EXERCISE PROMPT. Each entry below should be restated word for word, without any picture it contains.

Short text fragments from websites.
= = =

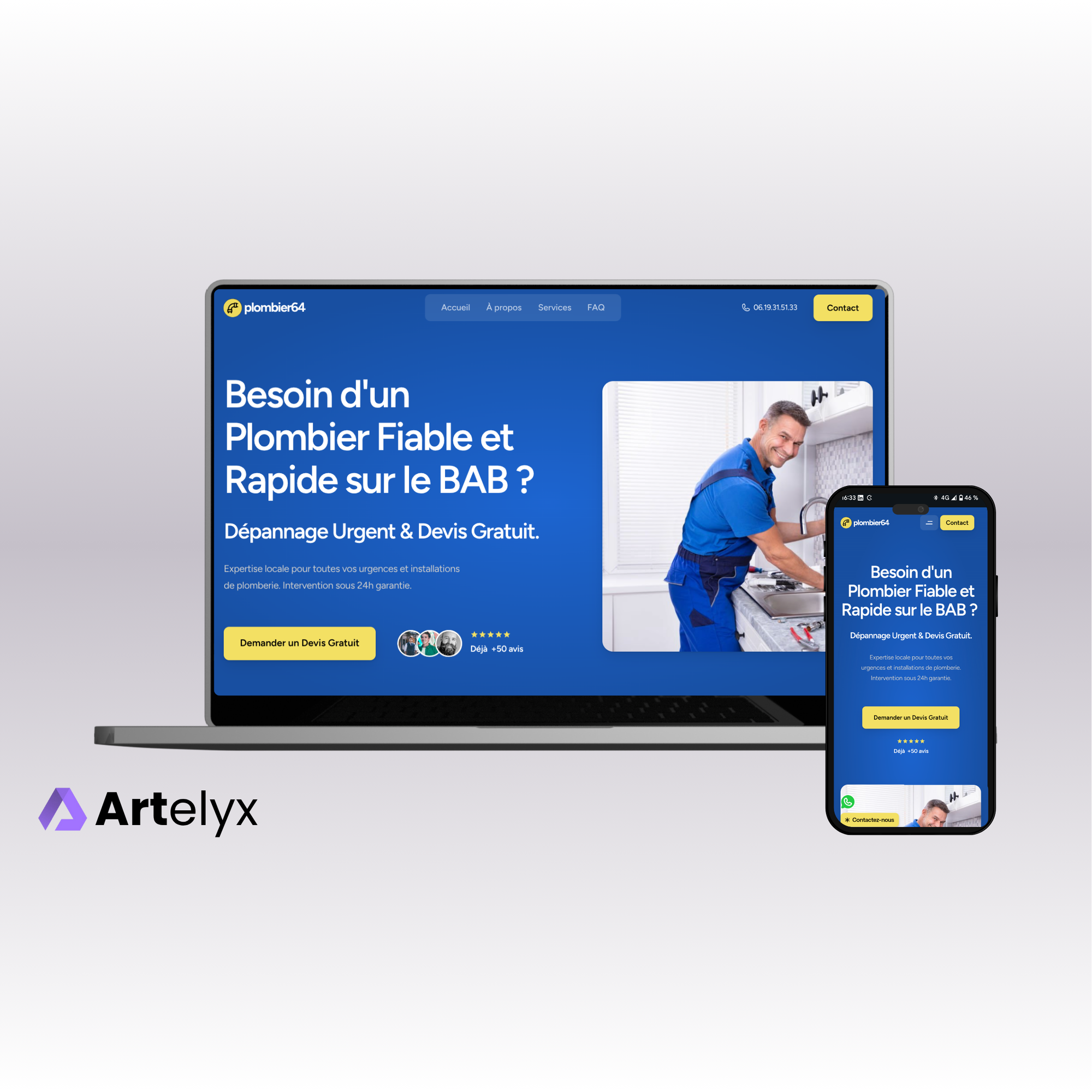 galerie image galerie image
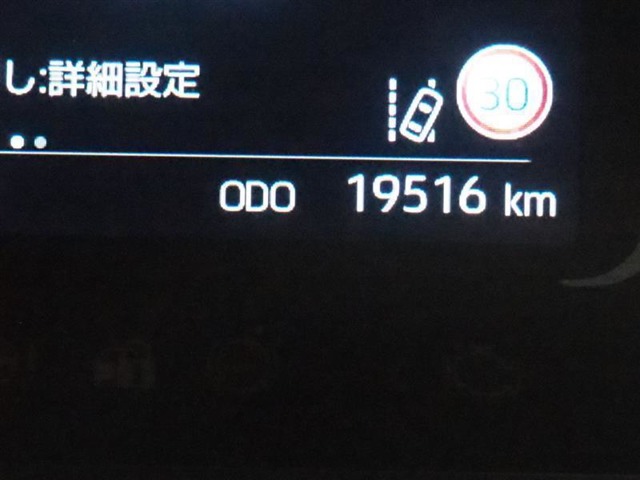 U00047777489_42_006.jpg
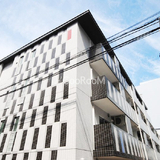 プレミアムキューブ飯田橋#mo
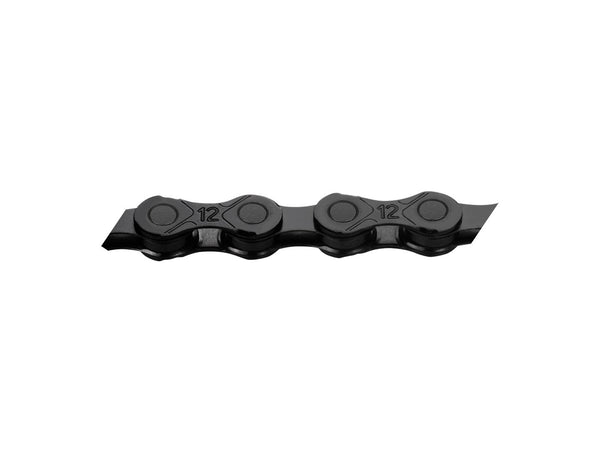 KMC DLC12 12-Speed Chain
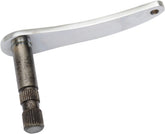 Drag Specialties Repalcement Shifter Linkage Shaft Shift Levers & Parts Drag Specialties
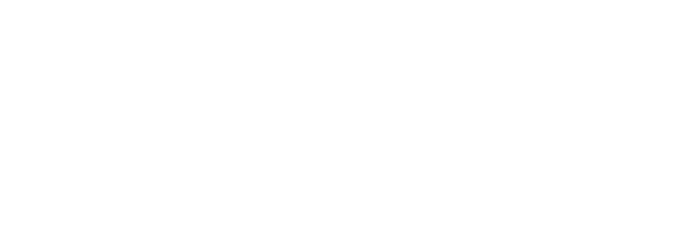 spot_img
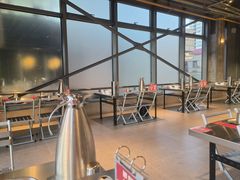 -No.DD戳子烧烤·江湖菜(北京总店)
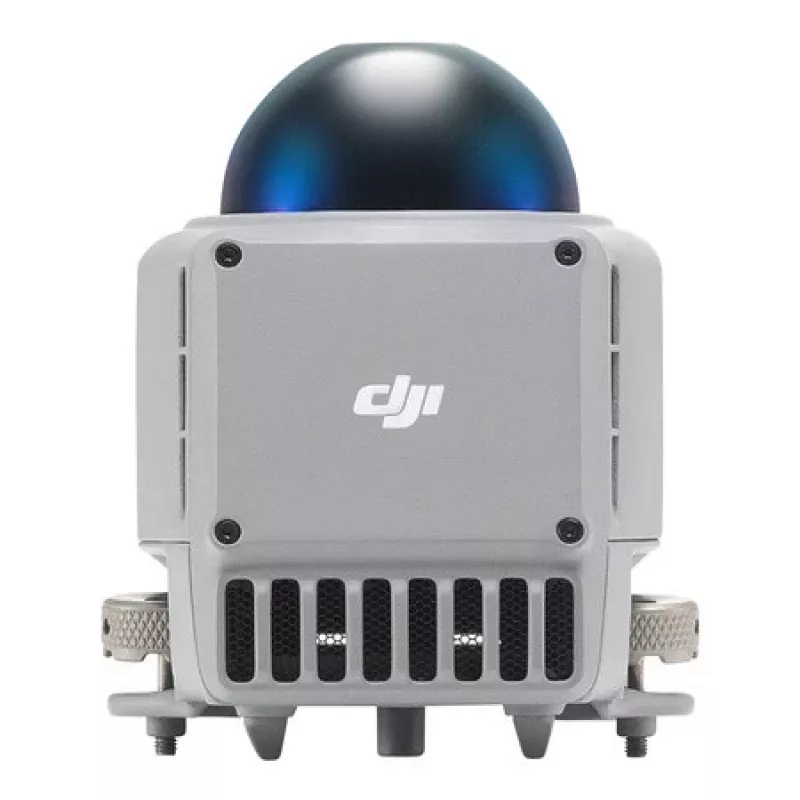 DJI Matrice 4 Modul na detekciu prekážok CP.EN.00000648.01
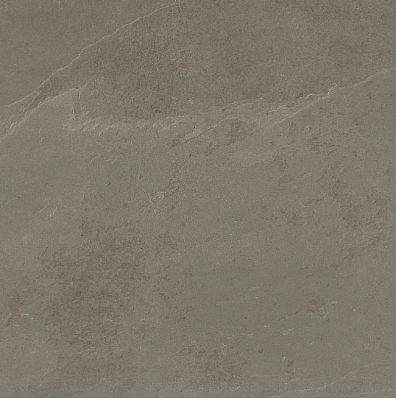 Керамогранит Ascot Ceramiche Gentle Stone Mud Rett 59.5x59.5 GST690R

= = =

WRITTEN SOLUTION.
 galerie image galerie image
 U00047777489_42_006.jpg
 プレミアムキューブ飯田橋#mo
 KMC DLC12 12-Speed Chain
 Drag Specialties Repalcement Shifter Linkage Shaft Shift Levers & Parts Drag Specialties
 spot_img
 -No.DD戳子烧烤·江湖菜(北京总店)
 DJI Matrice 4 Modul na detekciu prekážok CP.EN.00000648.01
 Керамогранит Ascot Ceramiche Gentle Stone Mud Rett 59.5x59.5 GST690R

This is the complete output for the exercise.